> Directions for this task
In the records below, find the line containing "Frankreich, 50 Euro" and the line containing "LOUIS VUITTON Monogram"; please repeat exactly the lines from one to the other, both included, and nothing more.
───── Data for the task
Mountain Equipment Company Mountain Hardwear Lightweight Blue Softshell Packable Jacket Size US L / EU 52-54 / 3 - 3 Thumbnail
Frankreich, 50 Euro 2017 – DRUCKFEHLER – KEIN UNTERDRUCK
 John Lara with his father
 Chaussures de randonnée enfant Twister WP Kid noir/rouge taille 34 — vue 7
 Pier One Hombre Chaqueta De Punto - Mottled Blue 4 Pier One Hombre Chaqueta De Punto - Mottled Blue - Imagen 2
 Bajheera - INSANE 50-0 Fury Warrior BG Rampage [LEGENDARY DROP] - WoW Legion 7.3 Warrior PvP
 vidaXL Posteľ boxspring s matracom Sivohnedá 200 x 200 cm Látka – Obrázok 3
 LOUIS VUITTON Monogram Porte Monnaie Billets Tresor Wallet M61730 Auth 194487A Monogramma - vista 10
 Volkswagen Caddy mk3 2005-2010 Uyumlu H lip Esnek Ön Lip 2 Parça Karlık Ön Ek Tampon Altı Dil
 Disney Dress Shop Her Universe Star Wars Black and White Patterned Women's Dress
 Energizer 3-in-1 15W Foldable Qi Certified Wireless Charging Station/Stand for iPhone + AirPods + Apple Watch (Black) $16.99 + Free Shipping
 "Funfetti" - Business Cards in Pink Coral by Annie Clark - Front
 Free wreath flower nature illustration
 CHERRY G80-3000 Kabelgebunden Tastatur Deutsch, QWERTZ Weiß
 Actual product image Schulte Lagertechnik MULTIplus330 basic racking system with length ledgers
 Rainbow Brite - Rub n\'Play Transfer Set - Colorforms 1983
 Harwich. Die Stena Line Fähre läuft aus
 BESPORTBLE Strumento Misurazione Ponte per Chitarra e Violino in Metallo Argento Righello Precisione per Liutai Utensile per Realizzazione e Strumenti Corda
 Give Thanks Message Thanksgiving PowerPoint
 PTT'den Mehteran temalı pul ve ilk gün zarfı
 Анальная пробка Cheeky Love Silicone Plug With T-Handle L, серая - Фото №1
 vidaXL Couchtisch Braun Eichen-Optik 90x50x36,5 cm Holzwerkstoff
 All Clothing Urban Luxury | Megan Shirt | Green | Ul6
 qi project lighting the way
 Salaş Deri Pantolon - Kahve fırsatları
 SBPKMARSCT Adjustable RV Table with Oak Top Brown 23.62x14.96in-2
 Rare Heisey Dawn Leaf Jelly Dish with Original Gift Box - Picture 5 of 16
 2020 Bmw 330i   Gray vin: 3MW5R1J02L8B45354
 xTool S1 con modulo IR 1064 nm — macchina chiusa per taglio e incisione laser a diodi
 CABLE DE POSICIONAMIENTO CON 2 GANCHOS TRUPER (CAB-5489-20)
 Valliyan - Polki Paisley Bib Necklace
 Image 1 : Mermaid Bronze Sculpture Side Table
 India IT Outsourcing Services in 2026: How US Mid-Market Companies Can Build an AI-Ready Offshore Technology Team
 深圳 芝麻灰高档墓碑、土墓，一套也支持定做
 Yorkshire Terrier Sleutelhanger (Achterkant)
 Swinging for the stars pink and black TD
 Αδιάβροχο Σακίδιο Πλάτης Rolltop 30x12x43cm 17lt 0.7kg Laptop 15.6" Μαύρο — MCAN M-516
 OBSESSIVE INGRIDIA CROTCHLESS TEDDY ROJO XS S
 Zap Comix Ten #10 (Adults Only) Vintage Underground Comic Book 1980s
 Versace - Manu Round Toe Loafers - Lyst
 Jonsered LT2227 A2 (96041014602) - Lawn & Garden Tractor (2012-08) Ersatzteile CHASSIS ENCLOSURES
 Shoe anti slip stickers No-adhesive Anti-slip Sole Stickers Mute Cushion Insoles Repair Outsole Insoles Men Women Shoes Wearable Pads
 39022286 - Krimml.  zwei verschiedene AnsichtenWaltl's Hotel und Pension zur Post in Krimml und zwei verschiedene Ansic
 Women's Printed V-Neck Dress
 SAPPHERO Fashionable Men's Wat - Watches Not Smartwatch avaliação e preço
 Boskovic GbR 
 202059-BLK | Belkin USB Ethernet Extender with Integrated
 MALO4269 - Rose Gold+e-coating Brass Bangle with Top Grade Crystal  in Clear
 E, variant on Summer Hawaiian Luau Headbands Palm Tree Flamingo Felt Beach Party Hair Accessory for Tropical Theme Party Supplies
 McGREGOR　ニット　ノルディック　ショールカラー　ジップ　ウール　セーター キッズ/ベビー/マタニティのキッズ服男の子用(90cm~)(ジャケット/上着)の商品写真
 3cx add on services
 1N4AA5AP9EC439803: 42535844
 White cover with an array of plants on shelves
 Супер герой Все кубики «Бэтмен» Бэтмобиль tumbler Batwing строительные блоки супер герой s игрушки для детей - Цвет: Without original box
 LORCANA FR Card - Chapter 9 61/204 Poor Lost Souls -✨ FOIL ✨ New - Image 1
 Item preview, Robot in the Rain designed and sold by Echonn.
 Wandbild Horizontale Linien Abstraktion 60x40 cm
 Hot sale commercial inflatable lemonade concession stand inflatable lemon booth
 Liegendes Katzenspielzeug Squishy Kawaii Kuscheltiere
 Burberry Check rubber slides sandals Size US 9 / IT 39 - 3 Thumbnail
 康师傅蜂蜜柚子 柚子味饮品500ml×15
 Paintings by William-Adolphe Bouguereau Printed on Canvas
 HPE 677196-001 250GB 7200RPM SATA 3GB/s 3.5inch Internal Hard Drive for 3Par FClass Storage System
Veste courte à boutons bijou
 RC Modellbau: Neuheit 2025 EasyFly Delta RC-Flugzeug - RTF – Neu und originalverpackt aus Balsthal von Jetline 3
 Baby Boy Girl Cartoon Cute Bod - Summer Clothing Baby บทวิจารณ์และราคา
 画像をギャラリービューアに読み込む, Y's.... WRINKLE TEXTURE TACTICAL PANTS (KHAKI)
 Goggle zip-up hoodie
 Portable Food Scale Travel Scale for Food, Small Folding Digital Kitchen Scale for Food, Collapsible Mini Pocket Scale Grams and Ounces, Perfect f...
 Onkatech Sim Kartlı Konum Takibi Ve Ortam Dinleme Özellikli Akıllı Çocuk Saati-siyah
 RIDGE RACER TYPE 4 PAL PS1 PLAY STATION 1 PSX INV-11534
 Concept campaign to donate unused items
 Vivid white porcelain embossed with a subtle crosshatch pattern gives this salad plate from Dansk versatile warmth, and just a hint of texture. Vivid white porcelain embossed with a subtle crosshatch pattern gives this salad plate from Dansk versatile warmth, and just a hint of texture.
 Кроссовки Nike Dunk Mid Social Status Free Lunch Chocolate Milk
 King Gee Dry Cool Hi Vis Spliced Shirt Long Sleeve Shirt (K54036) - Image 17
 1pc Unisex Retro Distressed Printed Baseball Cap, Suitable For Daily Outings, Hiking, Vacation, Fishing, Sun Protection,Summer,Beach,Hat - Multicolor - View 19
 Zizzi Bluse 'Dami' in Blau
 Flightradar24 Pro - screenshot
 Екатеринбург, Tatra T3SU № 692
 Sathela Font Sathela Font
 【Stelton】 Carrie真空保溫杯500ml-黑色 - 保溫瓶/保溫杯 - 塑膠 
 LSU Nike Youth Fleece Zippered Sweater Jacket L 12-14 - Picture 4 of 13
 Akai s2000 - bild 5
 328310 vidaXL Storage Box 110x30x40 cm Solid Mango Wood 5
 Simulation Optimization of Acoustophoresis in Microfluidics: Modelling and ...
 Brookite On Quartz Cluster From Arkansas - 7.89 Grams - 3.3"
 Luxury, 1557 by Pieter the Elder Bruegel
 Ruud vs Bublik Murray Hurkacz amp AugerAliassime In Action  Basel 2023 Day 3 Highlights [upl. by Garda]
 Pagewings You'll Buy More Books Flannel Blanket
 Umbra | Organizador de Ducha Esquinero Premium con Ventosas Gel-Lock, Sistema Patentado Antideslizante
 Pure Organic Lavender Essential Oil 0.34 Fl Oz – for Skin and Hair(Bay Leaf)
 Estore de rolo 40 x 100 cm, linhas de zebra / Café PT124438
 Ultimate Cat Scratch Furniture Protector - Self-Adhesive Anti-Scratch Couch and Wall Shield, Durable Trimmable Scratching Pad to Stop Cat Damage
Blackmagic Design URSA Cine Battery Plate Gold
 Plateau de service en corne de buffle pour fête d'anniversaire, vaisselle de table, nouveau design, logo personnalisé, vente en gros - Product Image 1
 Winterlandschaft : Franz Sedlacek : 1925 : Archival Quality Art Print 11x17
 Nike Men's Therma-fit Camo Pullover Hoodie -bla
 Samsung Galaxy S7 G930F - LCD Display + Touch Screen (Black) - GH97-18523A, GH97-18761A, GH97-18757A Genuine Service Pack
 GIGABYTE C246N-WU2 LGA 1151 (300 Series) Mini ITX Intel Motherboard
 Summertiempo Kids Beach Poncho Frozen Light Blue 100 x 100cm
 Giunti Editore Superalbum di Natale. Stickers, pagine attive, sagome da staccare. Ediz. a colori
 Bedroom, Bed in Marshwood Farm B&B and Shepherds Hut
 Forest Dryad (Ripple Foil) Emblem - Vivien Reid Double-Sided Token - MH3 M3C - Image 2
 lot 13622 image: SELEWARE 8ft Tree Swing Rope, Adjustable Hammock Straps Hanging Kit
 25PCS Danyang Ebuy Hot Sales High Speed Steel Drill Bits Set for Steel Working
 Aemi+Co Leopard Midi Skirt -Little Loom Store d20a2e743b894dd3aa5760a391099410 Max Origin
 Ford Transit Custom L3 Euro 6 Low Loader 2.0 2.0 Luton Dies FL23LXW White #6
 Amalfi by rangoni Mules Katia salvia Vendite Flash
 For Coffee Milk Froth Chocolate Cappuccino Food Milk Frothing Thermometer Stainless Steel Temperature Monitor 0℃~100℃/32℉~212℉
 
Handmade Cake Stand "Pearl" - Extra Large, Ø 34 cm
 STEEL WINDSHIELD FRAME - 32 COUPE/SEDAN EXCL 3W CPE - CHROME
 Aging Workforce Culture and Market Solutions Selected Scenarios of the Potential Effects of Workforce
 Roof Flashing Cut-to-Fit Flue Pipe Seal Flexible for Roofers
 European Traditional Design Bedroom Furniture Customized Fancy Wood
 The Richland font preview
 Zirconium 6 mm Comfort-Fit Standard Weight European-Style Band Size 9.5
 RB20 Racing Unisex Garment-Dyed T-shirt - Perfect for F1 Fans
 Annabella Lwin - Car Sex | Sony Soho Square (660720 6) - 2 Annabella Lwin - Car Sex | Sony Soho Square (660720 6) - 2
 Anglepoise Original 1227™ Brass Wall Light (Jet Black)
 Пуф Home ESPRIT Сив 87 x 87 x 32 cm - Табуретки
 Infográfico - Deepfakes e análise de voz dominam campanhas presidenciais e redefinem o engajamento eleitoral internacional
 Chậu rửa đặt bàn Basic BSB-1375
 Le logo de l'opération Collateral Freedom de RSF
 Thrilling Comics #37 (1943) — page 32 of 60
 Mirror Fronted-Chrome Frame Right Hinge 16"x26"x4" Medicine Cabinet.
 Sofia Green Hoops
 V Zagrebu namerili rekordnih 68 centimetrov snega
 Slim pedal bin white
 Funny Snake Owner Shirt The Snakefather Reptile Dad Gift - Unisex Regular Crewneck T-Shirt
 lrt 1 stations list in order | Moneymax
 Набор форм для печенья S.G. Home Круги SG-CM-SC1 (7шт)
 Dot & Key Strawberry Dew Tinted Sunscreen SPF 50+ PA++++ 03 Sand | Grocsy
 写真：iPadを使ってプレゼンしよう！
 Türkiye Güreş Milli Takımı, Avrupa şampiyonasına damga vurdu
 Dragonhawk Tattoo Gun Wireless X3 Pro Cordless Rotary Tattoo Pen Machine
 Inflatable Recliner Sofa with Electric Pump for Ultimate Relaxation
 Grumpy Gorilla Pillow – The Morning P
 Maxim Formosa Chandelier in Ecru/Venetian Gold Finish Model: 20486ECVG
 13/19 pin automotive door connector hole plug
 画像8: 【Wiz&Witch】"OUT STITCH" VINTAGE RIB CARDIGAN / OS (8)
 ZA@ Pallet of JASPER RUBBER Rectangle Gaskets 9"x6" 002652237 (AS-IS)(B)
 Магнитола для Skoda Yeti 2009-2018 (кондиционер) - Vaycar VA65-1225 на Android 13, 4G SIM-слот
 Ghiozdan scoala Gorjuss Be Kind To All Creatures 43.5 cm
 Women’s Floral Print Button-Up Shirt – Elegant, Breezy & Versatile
──────────
> Response to this task
Frankreich, 50 Euro 2017 – DRUCKFEHLER – KEIN UNTERDRUCK
 John Lara with his father
 Chaussures de randonnée enfant Twister WP Kid noir/rouge taille 34 — vue 7
 Pier One Hombre Chaqueta De Punto - Mottled Blue 4 Pier One Hombre Chaqueta De Punto - Mottled Blue - Imagen 2
 Bajheera - INSANE 50-0 Fury Warrior BG Rampage [LEGENDARY DROP] - WoW Legion 7.3 Warrior PvP
 vidaXL Posteľ boxspring s matracom Sivohnedá 200 x 200 cm Látka – Obrázok 3
 LOUIS VUITTON Monogram Porte Monnaie Billets Tresor Wallet M61730 Auth 194487A Monogramma - vista 10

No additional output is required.